Yes, Peggy, But…

Peggy Noonan has a pretty fair column today about unashamed patriotism, but she gets tangled up.



In the late 1960s a lot of young people and liberals thought you were a dope to love your country, “to wave the flag.” But that is also the precise moment that American flag lapel pins first became popular. When a local businessman wore one of them, it was as if he were wearing a sign that said “I support my country, and if you don’t like it, that’s too bad.”


Twenty five years ago at CBS News a major network star said to a newsroom friend of mine, who still wore his pin, “I wish I could wear one of those.” But, he explained, it might be “misinterpreted.” My friend thought, but did not say: Yes, it would be interpreted in a way that suggested you love your country. How terrible.


It’s a very nice column, and it puts its finger on something important. But Noonan elides something else important: how and why that CBSer thought that a flag pin would be “mis-interpreted.”

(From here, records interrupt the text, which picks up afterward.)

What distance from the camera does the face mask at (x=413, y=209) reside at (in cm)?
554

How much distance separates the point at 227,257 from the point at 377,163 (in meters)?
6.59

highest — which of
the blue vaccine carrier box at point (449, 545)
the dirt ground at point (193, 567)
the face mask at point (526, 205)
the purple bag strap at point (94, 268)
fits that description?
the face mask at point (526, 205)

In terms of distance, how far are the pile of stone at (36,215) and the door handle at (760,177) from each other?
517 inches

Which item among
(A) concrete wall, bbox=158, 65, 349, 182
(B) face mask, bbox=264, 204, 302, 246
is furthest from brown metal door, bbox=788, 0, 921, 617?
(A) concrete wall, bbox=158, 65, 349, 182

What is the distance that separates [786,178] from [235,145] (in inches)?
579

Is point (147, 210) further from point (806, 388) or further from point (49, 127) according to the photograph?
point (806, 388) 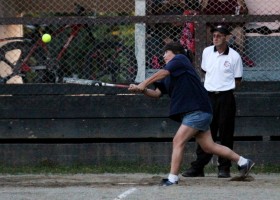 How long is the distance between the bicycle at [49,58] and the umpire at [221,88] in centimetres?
198

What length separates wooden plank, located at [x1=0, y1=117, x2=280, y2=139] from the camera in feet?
44.2

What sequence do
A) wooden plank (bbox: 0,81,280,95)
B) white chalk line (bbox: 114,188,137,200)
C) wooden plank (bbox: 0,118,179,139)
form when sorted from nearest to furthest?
white chalk line (bbox: 114,188,137,200), wooden plank (bbox: 0,118,179,139), wooden plank (bbox: 0,81,280,95)

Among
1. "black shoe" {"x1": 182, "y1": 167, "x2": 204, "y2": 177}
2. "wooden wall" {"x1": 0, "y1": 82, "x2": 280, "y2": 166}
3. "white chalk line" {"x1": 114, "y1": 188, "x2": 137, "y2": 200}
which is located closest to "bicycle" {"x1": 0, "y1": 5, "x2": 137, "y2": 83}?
"wooden wall" {"x1": 0, "y1": 82, "x2": 280, "y2": 166}

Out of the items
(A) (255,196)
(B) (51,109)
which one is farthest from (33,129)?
(A) (255,196)

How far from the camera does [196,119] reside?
10867mm

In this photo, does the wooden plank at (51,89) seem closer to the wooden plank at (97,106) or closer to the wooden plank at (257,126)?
the wooden plank at (97,106)

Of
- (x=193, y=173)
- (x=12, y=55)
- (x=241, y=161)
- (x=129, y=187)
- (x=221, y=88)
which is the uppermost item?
(x=12, y=55)

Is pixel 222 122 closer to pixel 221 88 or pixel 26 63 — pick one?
pixel 221 88

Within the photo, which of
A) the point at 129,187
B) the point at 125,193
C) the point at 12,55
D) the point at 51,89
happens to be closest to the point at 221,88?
the point at 129,187

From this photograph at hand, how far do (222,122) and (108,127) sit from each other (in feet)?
6.81

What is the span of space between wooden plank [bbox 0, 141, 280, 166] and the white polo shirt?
5.16 feet

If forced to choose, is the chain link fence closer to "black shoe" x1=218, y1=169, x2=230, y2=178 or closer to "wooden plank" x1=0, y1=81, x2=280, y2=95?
"wooden plank" x1=0, y1=81, x2=280, y2=95

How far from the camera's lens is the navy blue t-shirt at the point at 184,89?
10852mm

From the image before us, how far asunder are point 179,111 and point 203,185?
35.7 inches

In many ways over the last umpteen years — probably starting with the Vietnam protests, but I’m of an age where it might have started earlier and I didn’t notice — the flag has been co-opted as a symbol of the Right. More accurate: the Left rejected it as part of its anti-war rhetoric, and the Right was more than happy to take the symbol and run with it.

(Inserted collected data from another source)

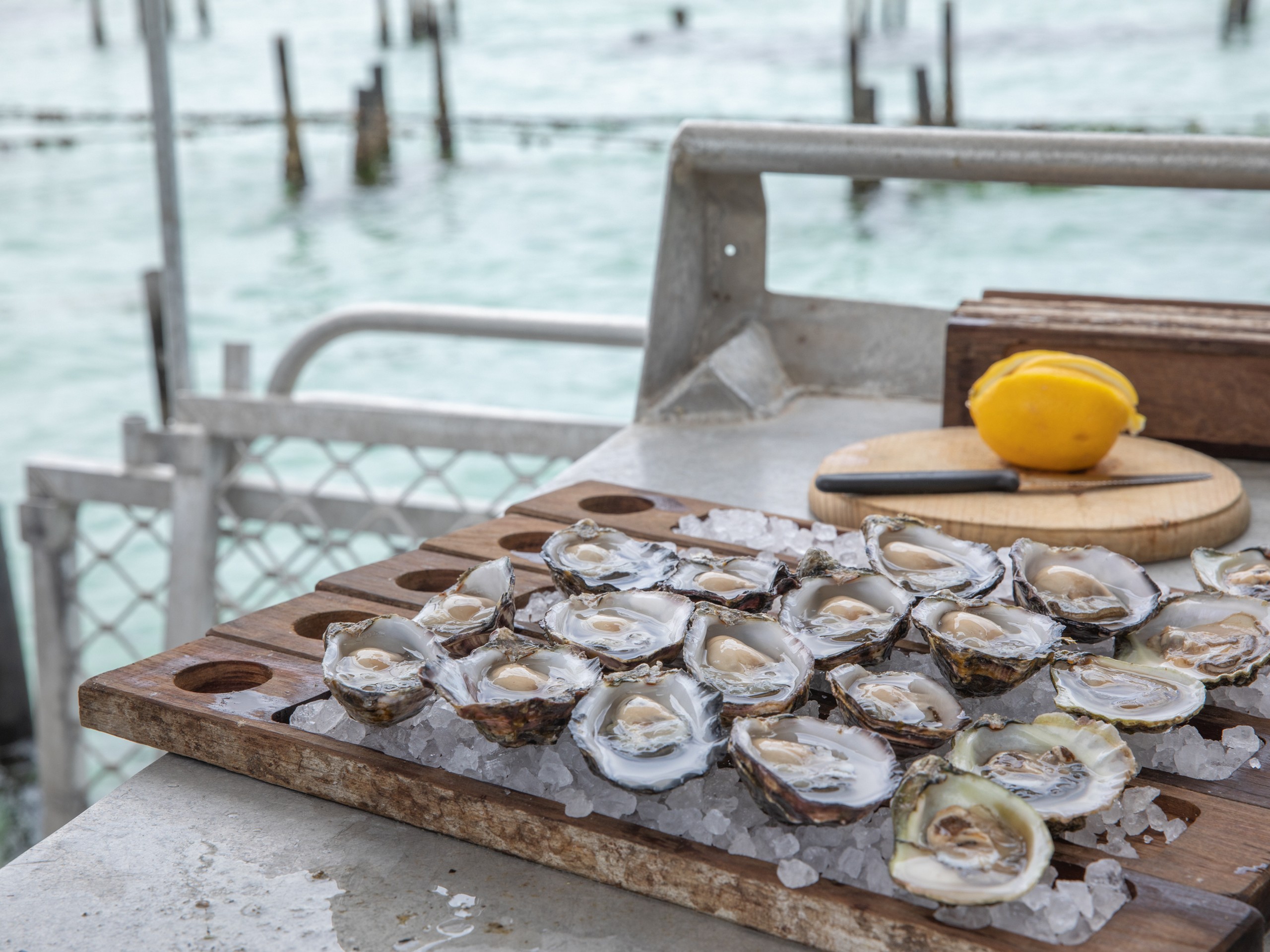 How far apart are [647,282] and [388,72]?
40.2 feet

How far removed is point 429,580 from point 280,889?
1.31 feet

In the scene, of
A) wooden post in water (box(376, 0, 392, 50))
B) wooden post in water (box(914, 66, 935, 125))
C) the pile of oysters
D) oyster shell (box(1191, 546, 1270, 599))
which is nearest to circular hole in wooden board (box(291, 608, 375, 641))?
the pile of oysters

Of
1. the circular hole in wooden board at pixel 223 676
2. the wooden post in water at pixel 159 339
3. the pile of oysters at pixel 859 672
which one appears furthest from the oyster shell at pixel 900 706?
the wooden post in water at pixel 159 339

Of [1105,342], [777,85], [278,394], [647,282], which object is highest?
[777,85]

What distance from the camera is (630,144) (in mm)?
17031

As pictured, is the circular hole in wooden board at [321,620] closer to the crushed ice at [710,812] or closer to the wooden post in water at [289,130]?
the crushed ice at [710,812]

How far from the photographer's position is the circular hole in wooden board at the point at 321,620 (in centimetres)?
100

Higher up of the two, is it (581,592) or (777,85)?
(777,85)

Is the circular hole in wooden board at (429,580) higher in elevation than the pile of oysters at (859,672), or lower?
lower

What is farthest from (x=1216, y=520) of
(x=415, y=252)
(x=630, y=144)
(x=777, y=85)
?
(x=777, y=85)

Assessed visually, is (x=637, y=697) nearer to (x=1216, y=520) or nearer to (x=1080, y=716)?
(x=1080, y=716)

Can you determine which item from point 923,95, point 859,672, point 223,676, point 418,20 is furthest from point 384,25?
point 859,672

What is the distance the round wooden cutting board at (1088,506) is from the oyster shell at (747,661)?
0.46 m

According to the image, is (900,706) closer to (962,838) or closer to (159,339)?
(962,838)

Rather than a patriotic symbol, the flag too often is used as a symbol to advance a partisan agenda. David Letterman got it right once: he noticed that as the election got closer, Dubya would put more and more flags on his rostrum; as a response and a gag, Letterman started putting flags behind him, more and more, until his stage was full of them. All the while, he was running clips that showed how the Republicans were quite literally covering themselves with the flag, more each day.


Call me a cynic, but I’m enough of a journalist and enough of a history student to know that when someone starts waving flags, it’s time to start listening. When someone insists that you wave flags, it’s time to start fighting.


I love my country. I wore a flag pin after 9-11 because it was the only appropriate gesture I could think of. I won’t wear one now because I think the politicians running my country are wrong in just so many ways.


If wearing a flag pin can raise that kind of issue, the guy from CBS is right to not wear one.


And if someone can call him unpatriotic because he doesn’t wear one — and if the allegation can be met with anything else but a snort — that’s only evidence that he’s right.